RECORDS FOR THIS TASK START

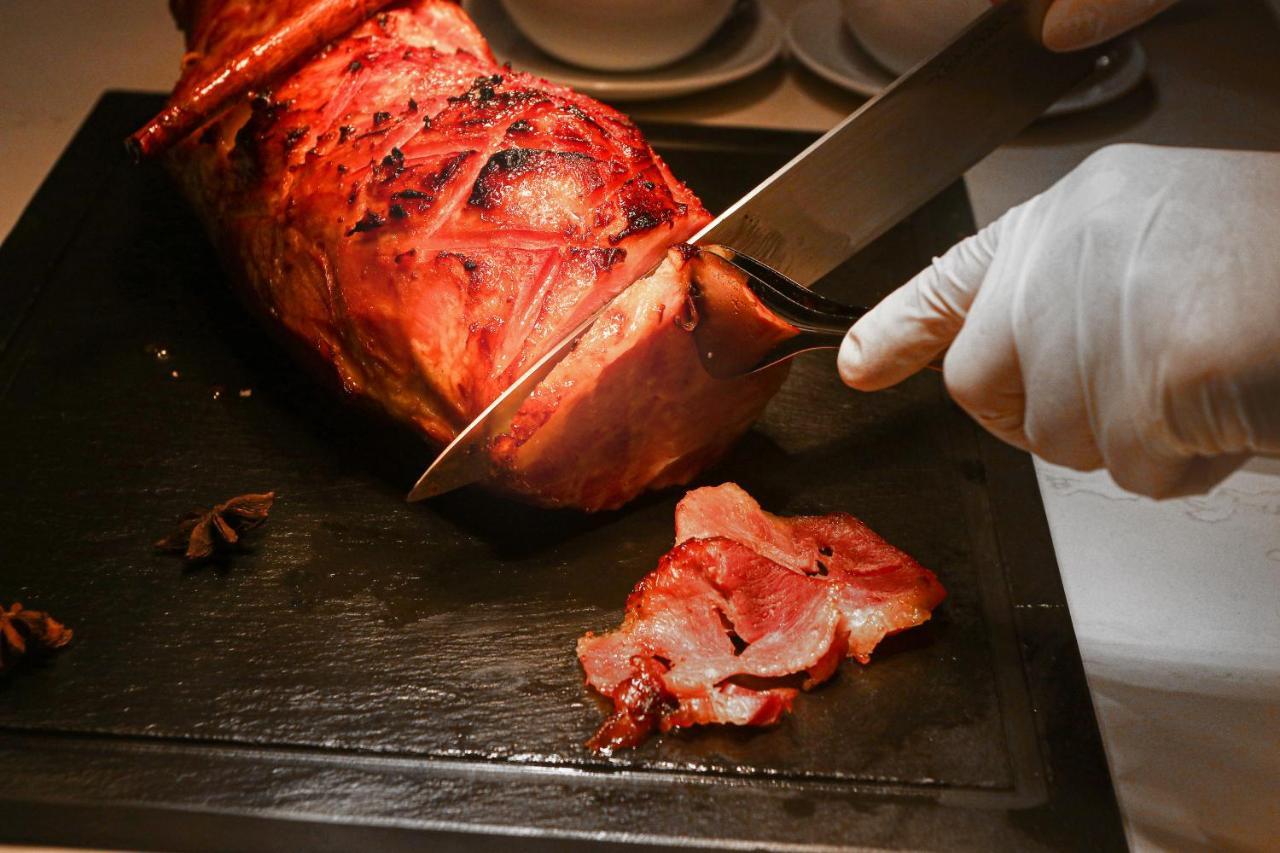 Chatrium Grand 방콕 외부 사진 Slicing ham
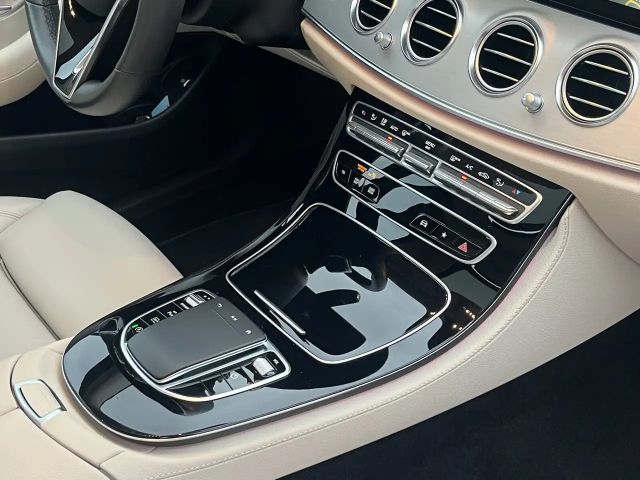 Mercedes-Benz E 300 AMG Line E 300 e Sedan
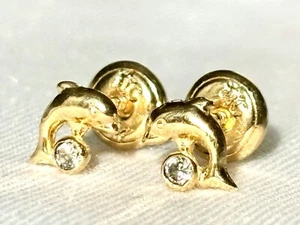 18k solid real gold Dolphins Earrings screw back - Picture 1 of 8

RECORDS FOR THIS TASK END
RECORDS FOR THIS TASK START

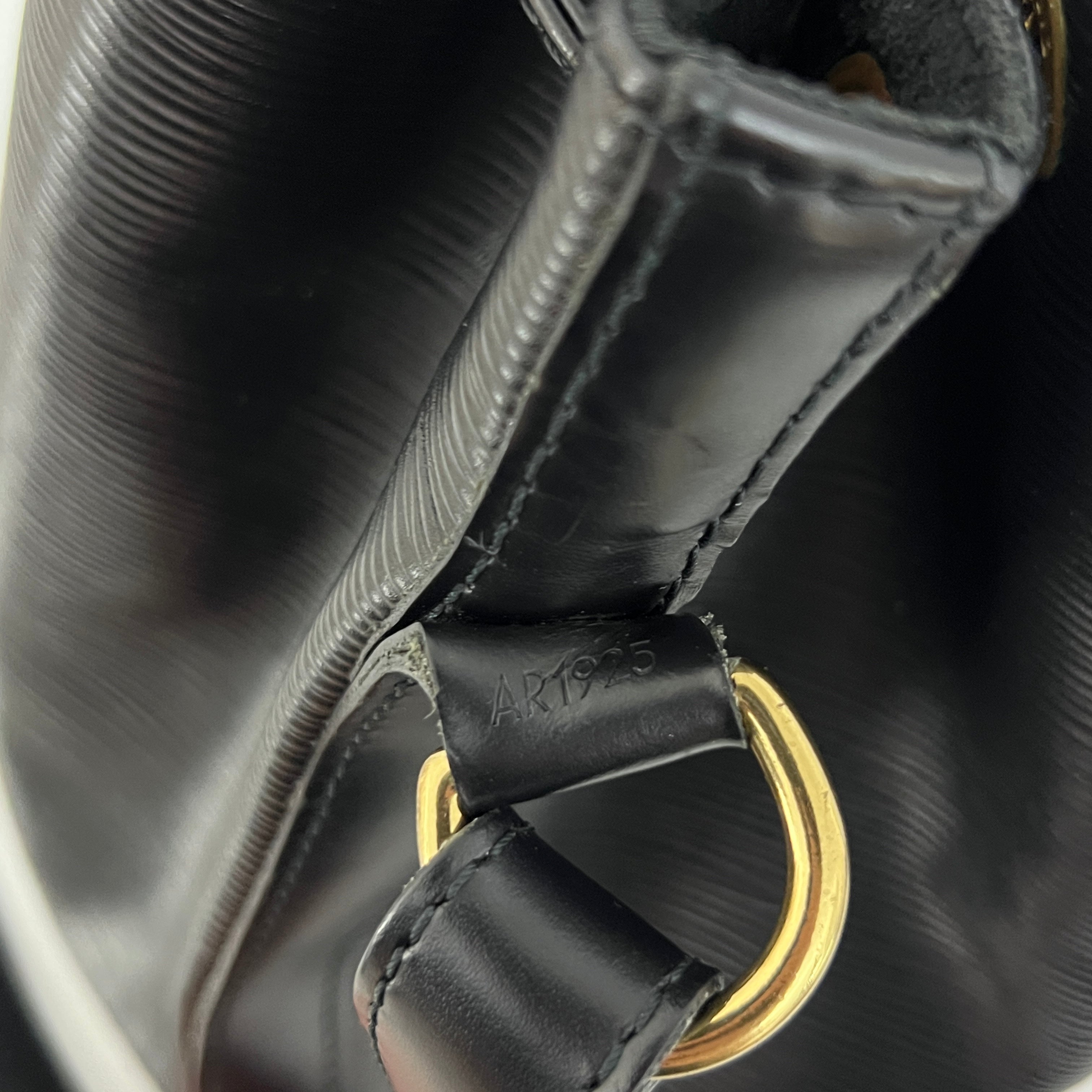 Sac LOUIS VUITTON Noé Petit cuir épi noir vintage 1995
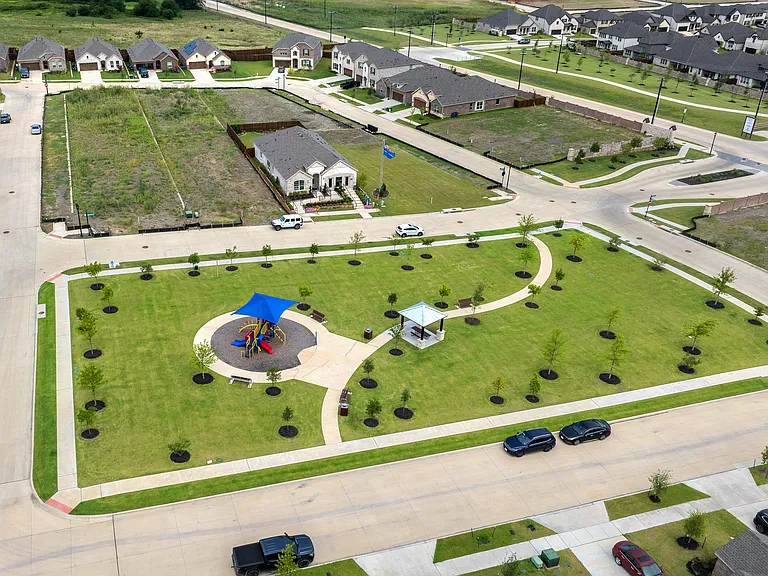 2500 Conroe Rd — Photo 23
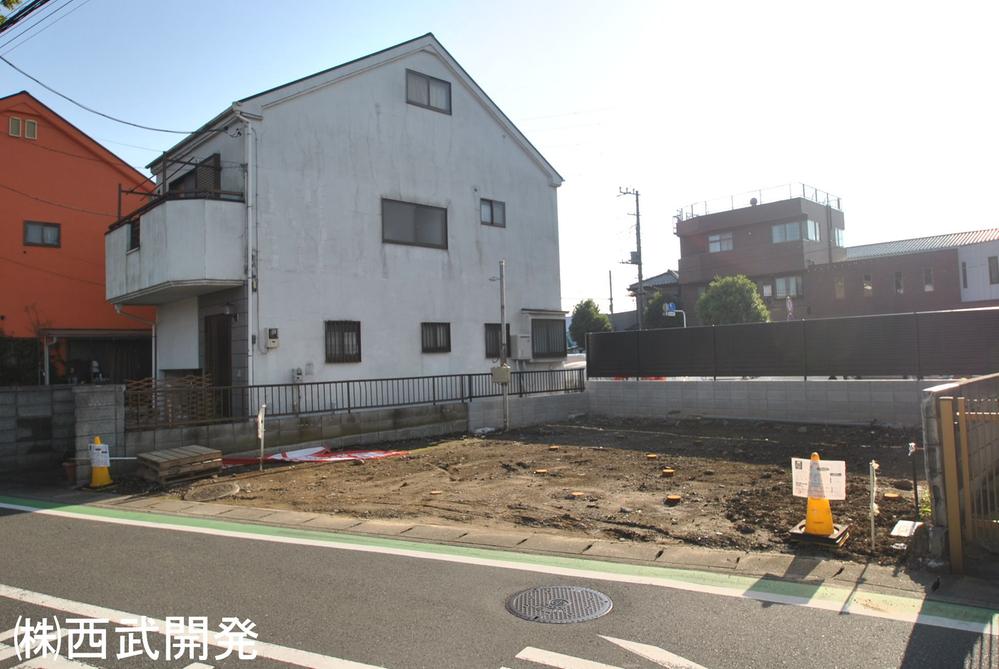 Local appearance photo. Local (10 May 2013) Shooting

RECORDS FOR THIS TASK END
RECORDS FOR THIS TASK START

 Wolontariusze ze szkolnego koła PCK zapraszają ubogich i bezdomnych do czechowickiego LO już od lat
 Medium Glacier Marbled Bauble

RECORDS FOR THIS TASK END

### TASK ITEM:
Lines from the one above containing "Mercedes-Benz E 300 AMG Line E 300 e Sedan" down to the one containing "18k solid real" should be transcribed exactly, with both ends kept and no pictures.

### RESPONSE FOR THIS EXERCISE:
 Mercedes-Benz E 300 AMG Line E 300 e Sedan
 18k solid real gold Dolphins Earrings screw back - Picture 1 of 8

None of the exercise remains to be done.